The difference between the two is whether the VPN tunnel is redundant or not.
This time, we will configure the settings using "traditional VPN".

For the following settings, I will introduce the settings screen with an image on the slide, but since it is difficult to see, I will also introduce the settings screen here.

The VPN settings on the cloud side are as follows.

 

Router settings

The router config is listed below. The router uses RTX1200.

[gcp-vpn-test]# show config login password * administrator password * console character ascii console prompt [gcp-vpn-test] login timer 1200 ip route default gateway pp 1 ip route (GCP VPC network) gateway tunnel 1 ip lan1 address (router's private IP address)/24 ip lan1 proxyarp on pp select 1 pp always-on on pppoe use lan2 pppoe auto disconnect off pp auth accept pap chap pp auth myname (ISP connection ID) (ISP connection password) ppp lcp mru on 1454 ppp ipcp ipaddress on ppp ipcp msext on ip pp mtu 1454 ip pp secure filter in 210000 ip pp secure filter out 201000 ip pp intrusion detection in on ip pp nat descriptor 1 pp enable 1 tunnel select 1 ipsec tunnel 1 ipsec sa policy 1 1 esp aes-cbc sha-hmac ipsec ike version 1 2 ipsec ike always-on 1 on ipsec ike encryption 1 aes-cbc ipsec ike group 1 modp1024 ipsec ike hash 1 sha ipsec ike keepalive log 1 off ipsec ike local address 1 (router private IP address) ipsec ike local name 1 (router public IP address) ipv4-addr ipsec ike nat-traversal 1 on ipsec ike pfs 1 on ipsec ike pre-shared-key 1 text (VPN private key passphrase) ipsec ike remote address 1 (public IP address for VPN reserved in GCP) ipsec ike remote name 1 (public IP address for VPN reserved in GCP) ipv4-addr ipsec auto refresh 1 on ip tunnel tcp mss limit auto tunnel enable 1 ip filter 201000 pass * * ip filter 210000 pass * * nat descriptor type 1 masquerade nat descriptor masquerade static 1 3 (router private IP address) esp nat descriptor masquerade static 1 4 (router private IP address) udp 500 ipsec use on ipsec auto refresh on dhcp service server dhcp server rfc2131 compliant except remain-silent dhcp scope 1 192.168.253.2-192.168.253.39/24 dns server 8.8.4.4 8.8.8.8 dns server pp 1 dns private address spoof on

Since I am using a router that was initialized for testing, all filters are allowed. Please be careful when actually using it!

Points to note when setting up RTX

There are some things to keep in mind when setting up RTX.

The settings are "ipsec ike local address" and "ipsec ike local name".

that "ipsec ike local address" requires setting the private IP address set on the router's LAN, while
"ipsec ike local name" requires setting the router's public IP address.
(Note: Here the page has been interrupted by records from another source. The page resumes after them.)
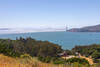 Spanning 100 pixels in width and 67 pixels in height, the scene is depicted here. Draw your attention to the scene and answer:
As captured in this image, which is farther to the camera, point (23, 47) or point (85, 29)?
point (85, 29)

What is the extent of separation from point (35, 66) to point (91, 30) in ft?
655

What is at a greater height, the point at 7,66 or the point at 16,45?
the point at 7,66

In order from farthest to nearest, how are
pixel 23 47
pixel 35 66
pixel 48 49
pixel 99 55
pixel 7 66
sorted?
1. pixel 23 47
2. pixel 48 49
3. pixel 99 55
4. pixel 35 66
5. pixel 7 66

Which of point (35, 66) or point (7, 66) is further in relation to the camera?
point (35, 66)

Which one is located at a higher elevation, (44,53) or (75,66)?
(75,66)

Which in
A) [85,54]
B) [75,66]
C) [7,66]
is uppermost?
[7,66]

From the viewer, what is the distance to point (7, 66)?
3664mm

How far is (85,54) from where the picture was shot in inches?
1355

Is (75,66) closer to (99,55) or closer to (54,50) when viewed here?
(99,55)

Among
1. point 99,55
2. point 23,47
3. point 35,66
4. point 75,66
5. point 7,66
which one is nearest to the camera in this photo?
point 7,66

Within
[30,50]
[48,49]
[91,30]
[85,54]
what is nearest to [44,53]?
[48,49]

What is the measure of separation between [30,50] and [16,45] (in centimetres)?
380

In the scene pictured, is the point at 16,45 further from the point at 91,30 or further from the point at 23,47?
the point at 91,30

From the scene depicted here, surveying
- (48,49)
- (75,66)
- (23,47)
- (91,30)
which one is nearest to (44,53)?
(48,49) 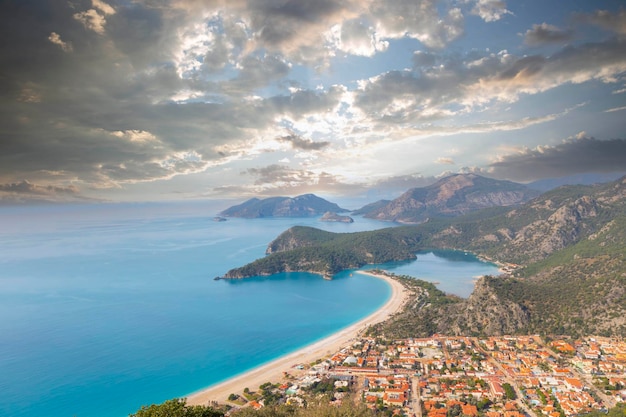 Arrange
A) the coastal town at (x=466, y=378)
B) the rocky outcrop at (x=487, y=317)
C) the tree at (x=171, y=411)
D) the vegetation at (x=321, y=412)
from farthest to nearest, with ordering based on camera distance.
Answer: the rocky outcrop at (x=487, y=317), the coastal town at (x=466, y=378), the vegetation at (x=321, y=412), the tree at (x=171, y=411)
because the settings on the GCP side, ``ipsec ike remote address'' and ``ipsec ike remote name,''
both require setting the public IP address for the VPN reserved by GCP.
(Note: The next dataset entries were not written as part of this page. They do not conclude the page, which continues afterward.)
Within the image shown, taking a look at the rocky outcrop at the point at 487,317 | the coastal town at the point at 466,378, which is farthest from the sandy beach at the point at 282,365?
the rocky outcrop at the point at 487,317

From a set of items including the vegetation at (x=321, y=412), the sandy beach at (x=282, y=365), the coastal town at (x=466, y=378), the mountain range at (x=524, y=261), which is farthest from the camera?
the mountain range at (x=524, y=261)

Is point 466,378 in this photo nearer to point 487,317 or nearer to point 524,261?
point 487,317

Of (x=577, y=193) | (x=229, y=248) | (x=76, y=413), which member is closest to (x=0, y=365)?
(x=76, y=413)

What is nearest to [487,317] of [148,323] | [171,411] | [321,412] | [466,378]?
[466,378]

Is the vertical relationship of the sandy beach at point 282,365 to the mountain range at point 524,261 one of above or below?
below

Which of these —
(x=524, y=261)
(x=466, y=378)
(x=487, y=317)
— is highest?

However, other than that, the settings are common, so if you keep this in mind, you won't have much trouble setting up RTX.

 

confirmation

The VPN settings are now complete.

Once the VPN is established, the status will be displayed as "established" on the GCP VPN screen.

 

Comparison of GCP and AWS for VPN

We will introduce the results of comparing GCP and AWS regarding VPN.

Regarding the configuration, there are expressions such as "with HA" and "without HA", but
this is the difference between whether or not the VPN tunnel is redundant.

In AWS, VPN is always set up with redundant VPN tunnels.

To explain the distinctive parts of each,
GCP has fewer configuration items on the cloud side and is all on one screen, making configuration easier.

AWS has a feature that automatically generates router config,
which not only makes router configuration easier, but also allows AWS to introduce supported vendors
to customers I felt that it also had the advantage of being easy to use.

 

summary

Continuing from the previous AWS article, we introduced VPN connections with GCP.

In the future, we would like to continue to create articles introducing how to connect the cloud services we handle with local NW using VPN, so please look forward to it!